When considering the why behind monitoring and supporting emotional and mental health in schools, we must turn to the students. Jamie Whitlock, a SCASCD Emerging Leader and instructional coach, recalls an experience she had with a group of young ladies in her building:
"Recently, I was with a small group of seventh and eighth grade girls and I asked them why they feel so much pressure when it comes to school. I imagined I would hear them say that they felt they had to get all A’s for their parents or that their parents expected good grades and they did not want to disappoint them. Ironically, the six girls sitting with me told me that they felt the most pressure from their friends. As soon as a test was given back, they would ask one other what their grades were, and they were embarrassed or ashamed if they had the lowest grade. I feel as a teacher that this is a perfect opportunity to teach social awareness and relationship skills. Learning to be gentle and kind can have more impact on student success than the grade they were given on a test. “By teaching them [students] grit, resiliency, and self-care, you’re teaching a toolbox for any stress they may face,” emphasized Barbara Truluck, a middle school counselor who was recently named Georgia’s 2019 Counselor of the Year. Using mindfulness activities and building resiliency in students will give them skills to be better problem solvers and collaborators."
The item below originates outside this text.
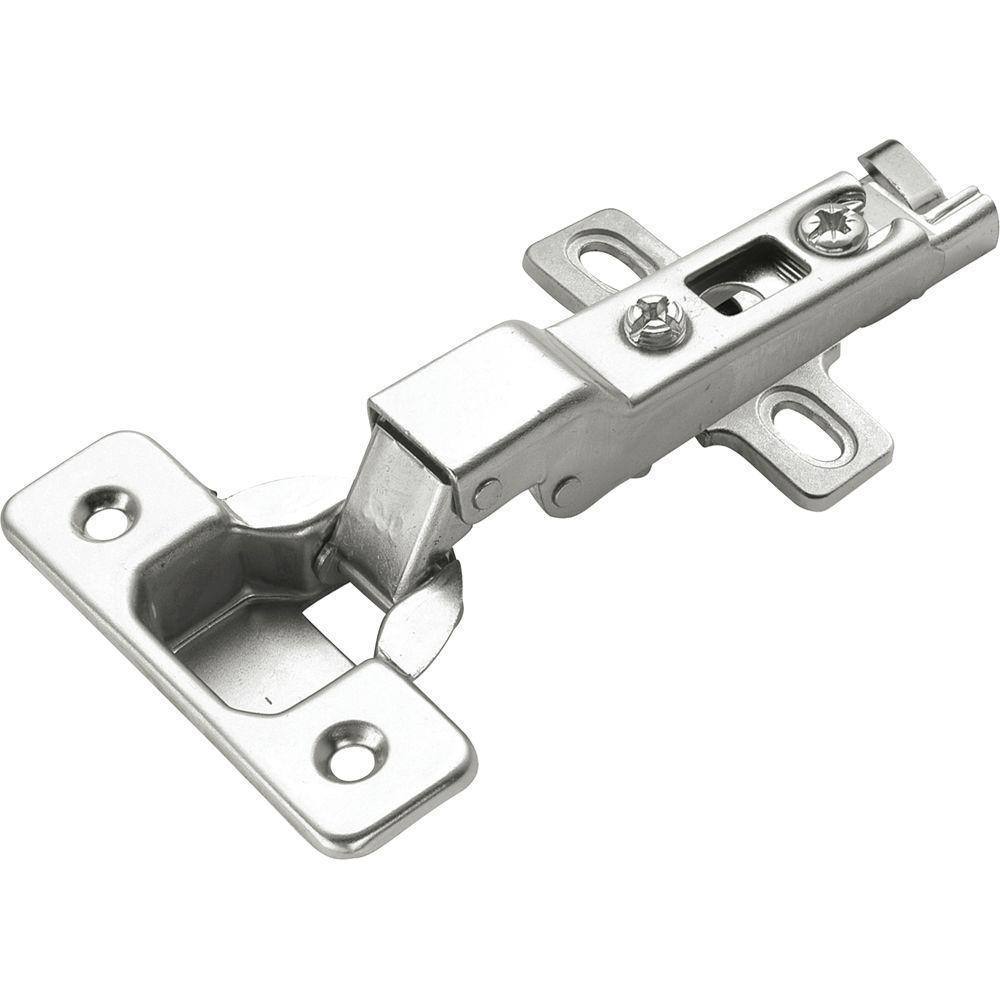 Concealed Polished Nickel Half Overlay 105¬∞ Opening Frameless Hinge - Super Arbor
Teachers tend to expect their students to leave the drama and stresses of their lives outside of the classroom at the door and to focus on the task at hand not realizing how big of an ask that can be. Our students and teachers are struggling with mental and emotional health now more than ever. From feeling safe in the building to feeling overwhelmed with expectation, we can not expect students and teachers to overcome those obstacles themselves. So now we ask ourselves, how can we help? How can we help our students and teachers leave the drama at the door and not feel the weight of the world around them in the classroom?
Social and Emotional Learning
Integrating social and emotional learning (SEL) into the classroom setting is key. We have to look beyond just teaching content and remember that we are often the adults our students interact with most during the day. SEL focuses on students interactions with one other, responses to challenging situations, creating and maintaining positive relationships, decision making, and preconceived notions they come into the classroom with. Ultimately, integrating SEL means developing resilience and empathy. These are two key components to mental health and emotional well being.
SEL focuses on five main competencies: self-awareness, self-management, social awareness, relationship skills, and responsible decision-making. A major mistake that is made with integrating SEL into a school culture is treating each competency as a separate lesson, as a once a month focus. This type of learning is continuous and should be fully integrated into the everyday experiences of students.
Monitoring for mental health issues requires us as educators to know when a change has occurred. We have to devote time to talking with our students about their day, and learning what their life is like. We must be prepared to check in daily to recognize a shift or pattern. A great way to incorporate this daily check is to greet each student at the door. Allow the student to pick a greeting and engage in a personal moment with that student. Simply being greeted by name while shaking the teacher’s hand or being given a “high five” can cause a positive mood shift. To be aware, we as teachers have to be present and engaged with our students every day.
Sometimes we get overwhelmed and bogged down in our endless to do lists. Taking time to meditate can be a huge game changer when we are feeling groggy and foggy. Sites like calm.com facilitate short meditation moments that can be used personally or in the classroom. Imagine meditating with your students before a big test. Getting in the right mindset and releasing the tension of the day can help relieve stress and refocus the mind.
Mental Health Services
Mental Health Services in schools may often be overlooked by teachers and parents. Often the lack of knowledge about the services are the roadblock to students getting the help that they need. Each school district in South Carolina has resources and partnerships available which provide needed programs and services . For teachers, there are resources such as the Employee Assistance Program that offer counselling or referral services for a range of issues.
As school leaders, we must know and realize that there is no time like the present to monitor and support the emotional and mental needs of all of our students. Creating awareness and giving students tools to cope with the stressors in their lives not only make them better students but also contributes to long term success. Likewise, teachers need to be aware of their own mental state and find the resources or support needed to prevent burnout or mental exhaustion. Teachers have countless responsibilities, duties, roles, and expectations placed on them everyday. Taking care of our students and ourselves must be paramount. As a community, we must be supportive of the emotional growth and needs of our students and continue to support monitoring mental health as well as social and emotional learning in our schools.